Depois que reconhecemos um padrão de funcionamento que leva a estados mentais insalubres e aflitivos ou a situações de sofrimento, usamos nossa melhor habilidade para nos mantermos vigilantes e não cair nas armadilhas do automatismo mental. Esta é a fase protetiva de mindfulness. No entanto, leva tempo até conseguirmos não nos deixar levar pela reatividade de padrões tão arraigados. Pode ser que seja um processo para uma vida inteira. Possivelmente, vamos nos assistir caindo em velhos padrões muitas vezes. E está tudo bem, cultivar a intenção de se manter consciente é o que vai nos ajudar a sair da repetição e do sofrimento. Quanto mais consciência temos dos mecanismos automatizados atuando em nós, mais rapidamente retomamos um estado de clareza mental e maior capacidade de discernimento e escolha. Quando nos damos conta de um estado mental aflitivo presente em nós, e agimos no intuito de restaurar nosso estado de equilíbrio, lançamos mão da nossa capacidade de intervir e restaurar a partir de mindfulness.

O othering é um padrão aprendido desde o início das nossas vidas e com raízes profundas em uma sociedade organizada pela desigualdade entre os gêneros. Isso o torna especialmente mais difícil de reconhecer porque os comportamentos que envolvem o tornar-se mulher, numa sociedade que privilegia os homens, são positivamente reforçados. O silêncio e o comportamento de docilidade pelo bem-estar das relações, o comprometimento das mulheres com os padrões estéticos da magreza e da juventude, a responsabilização pelo bem-estar e cuidados com os outros, são exemplos de comportamentos  que colocam as mulheres como engrenagens a serviço do funcionamento de uma sociedade dominada pelos interesses dos homens em detrimento de suas próprias expressões.

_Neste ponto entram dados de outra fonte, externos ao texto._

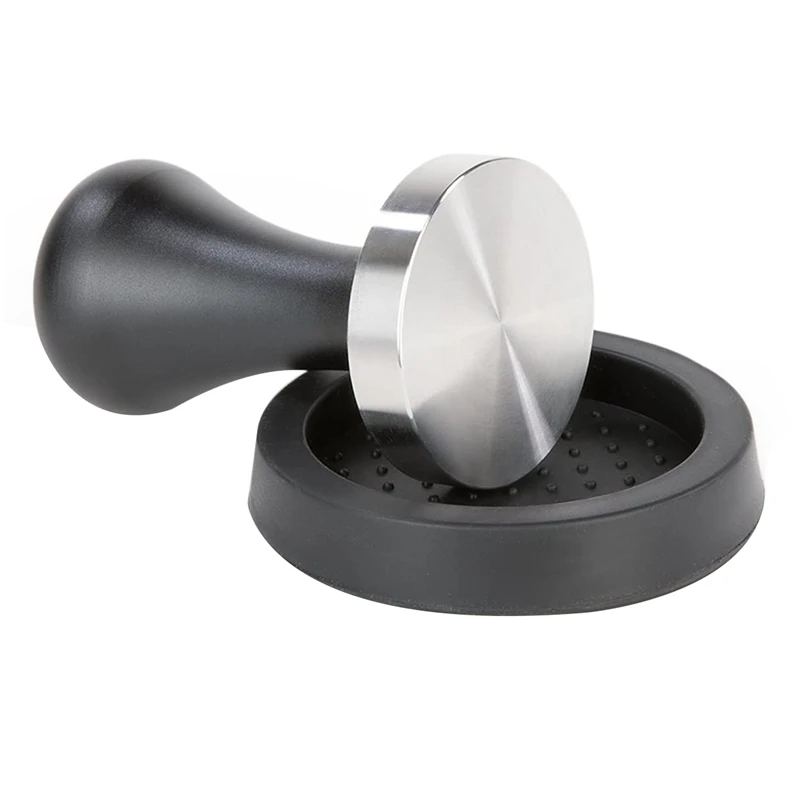 Coffee Tamper Set(51 Mm),Espresso Stamp With Flat Stainless Steel Base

Despertar nossa consciência para estes aspectos internalizados e para os padrões que condicionam nosso valor a certas fórmulas não é apenas uma maneira de encontrar nossa própria liberdade de ser. Esse despertar estabelece as bases para uma ação em direção contrária à estrutura patriarcal que nos torna invisíveis e nos submete.

Quando uma de nós desperta nos tornamos a possibilidade de que cada uma possa despertar e tornar-se si mesma!

1 comentário em “Como mindfulness pode ajudar as mulheres a resgatar a autoconfiança e a autenticidade”

  1. Texto brilhante, Kelma!
    Gostaria que todas as mulheres (e também, homens) tivessem a oportunidade de serem tocadas por um insight tão potente como esse.
    Parabéns pela reflexão generosamente compartilhada.
    Vou compartilhar!
    Esperançar e saúde para todos nós!